What are UNO C++ Servlets good for ?

The Java servlet API has become very popular for creation of dynamic HTML for several reasons (speed advantage vs cgi, easy httpsession tracking, ease of use, etc.).

However a common problem of Java servlets is Java itself. When some specific data can only be accessed over a C-API (e.g. a database access or reading some other file format), one is forced to to use JNI or RPC or CORBA (IIOP). Neither of these solution bears real fun. JNI is very errorprone to program and having C-Code run within a java webserver is riscy, as one segmentation fault crashes the webserver with all active sessions.

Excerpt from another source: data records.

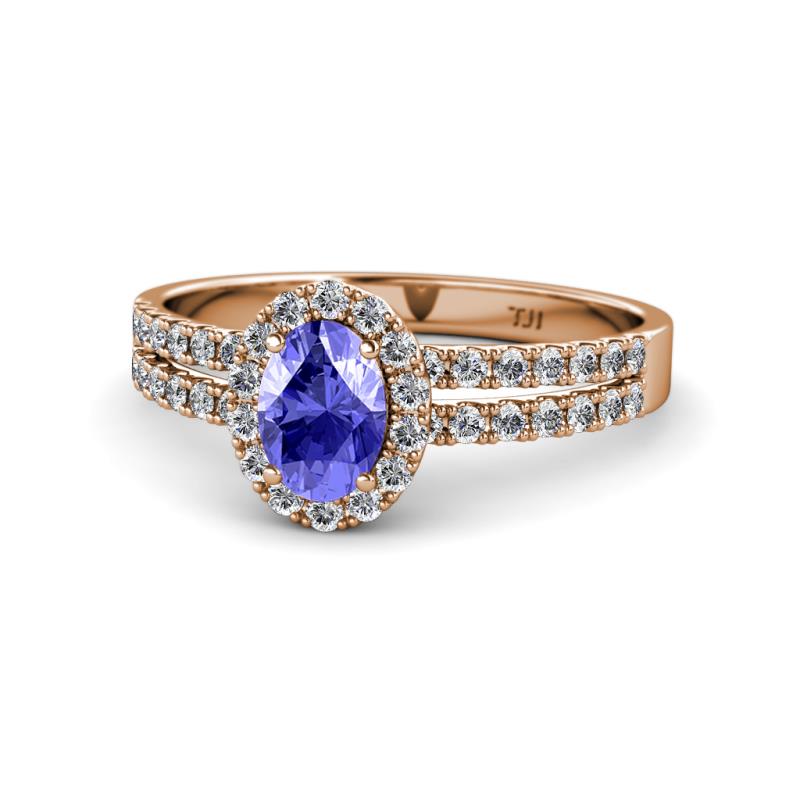 Amaya Desire Tanzanite and Diamond Halo Engagement Ring 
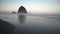 Haystack Rock, Cannon Beach Dawn dolly shot 4K. UHD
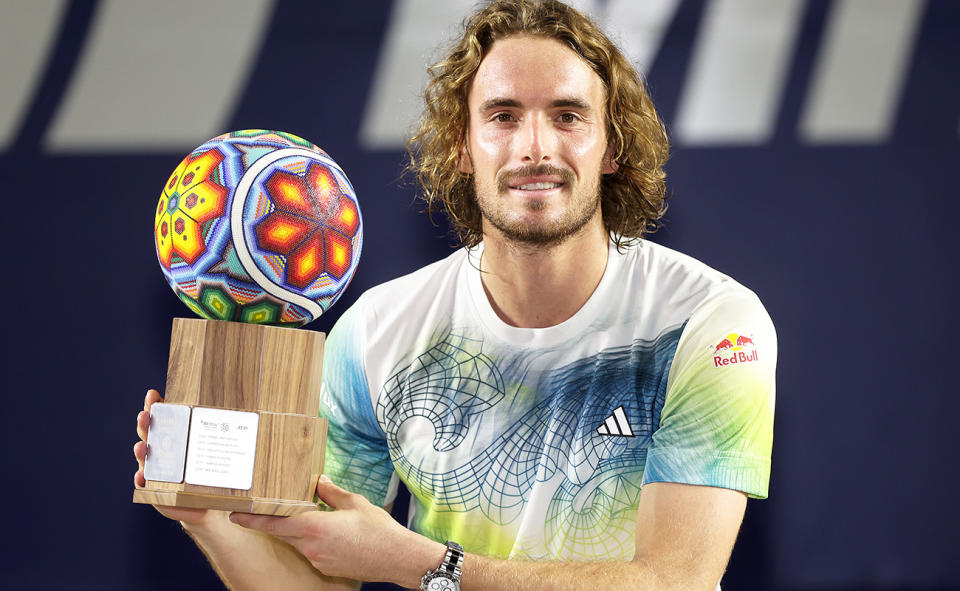 Stefanos Tsitsipas, pictured here after beating Alex De Minaur in Los Cabos.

UNO C++ services may run in a different process, bridging is done by the UNO framework.

Writing UNO-Servlets is easy, you do not need to become familiar with the UNO component model if you don't want to.

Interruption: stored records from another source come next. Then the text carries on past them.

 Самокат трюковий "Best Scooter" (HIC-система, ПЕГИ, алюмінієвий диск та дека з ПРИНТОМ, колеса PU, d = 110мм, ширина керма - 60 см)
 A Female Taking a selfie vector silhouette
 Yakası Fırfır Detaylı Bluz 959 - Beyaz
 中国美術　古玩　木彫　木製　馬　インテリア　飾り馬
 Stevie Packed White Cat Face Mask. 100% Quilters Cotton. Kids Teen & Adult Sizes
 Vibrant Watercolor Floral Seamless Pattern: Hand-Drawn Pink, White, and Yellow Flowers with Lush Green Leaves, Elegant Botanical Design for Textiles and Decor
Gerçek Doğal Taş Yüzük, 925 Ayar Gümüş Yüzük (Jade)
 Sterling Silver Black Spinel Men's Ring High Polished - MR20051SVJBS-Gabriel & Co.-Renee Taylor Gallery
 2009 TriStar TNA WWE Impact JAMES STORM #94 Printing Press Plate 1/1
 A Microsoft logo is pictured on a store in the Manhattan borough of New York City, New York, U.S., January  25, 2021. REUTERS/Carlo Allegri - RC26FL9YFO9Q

Another reason for using UNO C++ servlets is higher performance for certain tasks, e.g. when you need to do a large XSLT transformation, you may prefer implementing it in C++.

UNO C++ Servlets now allow to implement servlets directly in C++. This package offers a framework to hook these C++ servlets into your favourite webserver via an UNO interprocess bridge (bindings to the Apache Tomcat and the common Apache webserver currently exist, others may follow (e.g. MS IIS) ). It allows to access attributes in the Tomcat-HttpSession (this access has some restrictions, see below) or allows session tracking for the common Apache server.

What are UNO C++ Servlets not ?

There is currently no JSP equivalent.

C++ code may access data within the java httpsession only when the type of the data is simple (strings, numbers) or when the objects implements an UNO idl-interface. So it is not possible to call arbitrary java code from C++.